In Memory of Francois Camoin

The MFA program in San Diego was a disappointment. I called my undergraduate mentor, Darrell Spencer, to talk to him about the University of Utah's writing program, where Darrell had gotten his PhD. Darrell said, "I'll call Francois."

A few days later, Francois invited me to his home. "Bring some stories," he said. "The more, the better."

I brought five or six pieces — not enough, I quickly perceived — and watched with alarm as he dismissed them, one-by-one, out-of-hand: "It's a good thing you got out of San Diego," he said, dropping them onto his coffee table.

The last story he lingered over. It was the oldest work I'd brought with me, written at BYU for Darrell's class. "This," Francois said, tapping a page. "Work on this, don't ruin it, and submit this.
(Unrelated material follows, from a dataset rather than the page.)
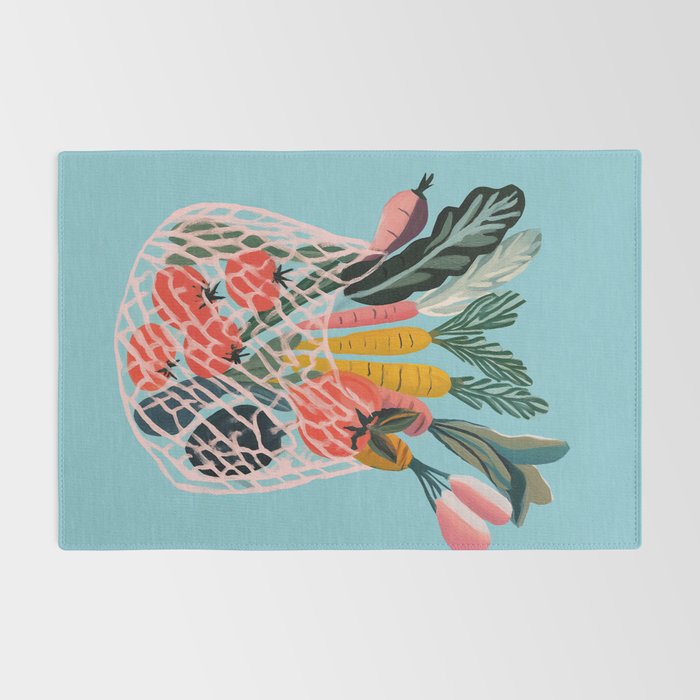Market Morning Rug Gallery Image 2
This is writing."

I took his advice and a couple months later learned that I'd been accepted into the U's fiction program.

Immediately, his became the voice that most mattered to me — a voice I hear to this day: when I write, when I read, when I teach. His almost imperceptibly gentle hand guided me through my doctoral program; at crucial moments, he said incredibly kind things to me about my work, about my thinking — although I could always tell (bemusement being one of Francois' default modes) that he found me charmingly odd, an incurably Mormon American boy, or American Mormon boy, who by some absurdity of fate had read more than he should have and was now living through the consequences.
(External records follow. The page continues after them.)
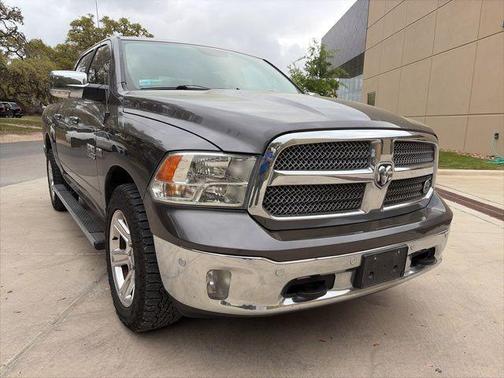 2018 RAM 1500 Lone Star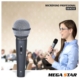 MICROFONE MEGASTAR DMH-355 COM FIO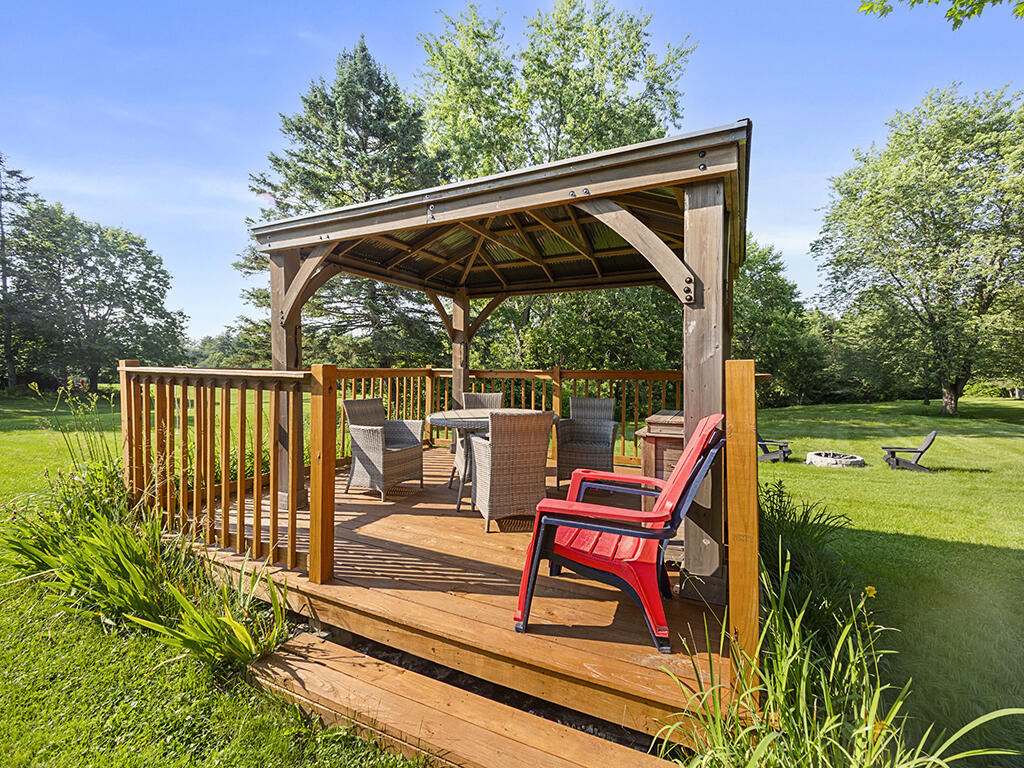 176 Garland Road Winslow, ME 04901 - Photo 24 of 25 Covered Seating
Over time, along with a couple of my dearest friends, he gave me the moral courage to try to reinvent myself — a struggle for reinvention that continues to this day, I suppose.

Some specific memories:

Breakfast with him at the Village Inn, where he liked to go because he could smoke with his coffee, a story of mine between us, soon-to-be-ignored, so that we could talk about photography.

A fiction workshop during my second year, when, in near-despair at the banality of our peer editing, he went on one of his glorious rants, blaming our banality on the fact that we were holding class in the Language Arts building. He then decided, clearly on-the-spot — "so that maybe you'll start to think like artists instead of academics" — that from that week forward, until the end of the semester, all of us were to go on Saturday mornings to the art studios on the top floor of the Fine Arts building, to practice figure drawing: "With luck, you might learn how to see, how to pay attention. Until that happens, we're wasting our time."

The liberating discovery that much of his personal library was made up of pulp fiction. When, once, I asked him why, he said, "Because the authors aren't trying to sound like English butlers."

The morning when, walking with me to class, he learned that I did my work on a Windows machine. "Of course you do," he said. "Because you're a Protestant. Umberto Eco wrote about that."
     With my next student loan I bought my first Mac.

When he said in a fiction workshop: "I don't want your epiphanies to happen in Tuscany. I want them to happen at a 7-Eleven in Nebraska."

And, for me, most importantly: What he said to me just after telling me that I'd passed my exams. Today, if I could, I would tell him: Francois, I've become something of a ruin, which you no-doubt would have found interesting, possibly inevitable, but I've never forgotten what you said to me then — it has carried me through many dark hours. And regardless of what becomes of me, I won't forget your bemused generosity, or your passion or your art. You changed my life, or gave me the strength to change it — which is, in the end, the same thing.

He sometimes warned me to be careful of certainty, but of this I'm certain: when I say that he changed my life, when I say that I'll never forget him, I speak not just for myself but for decades of students and friends.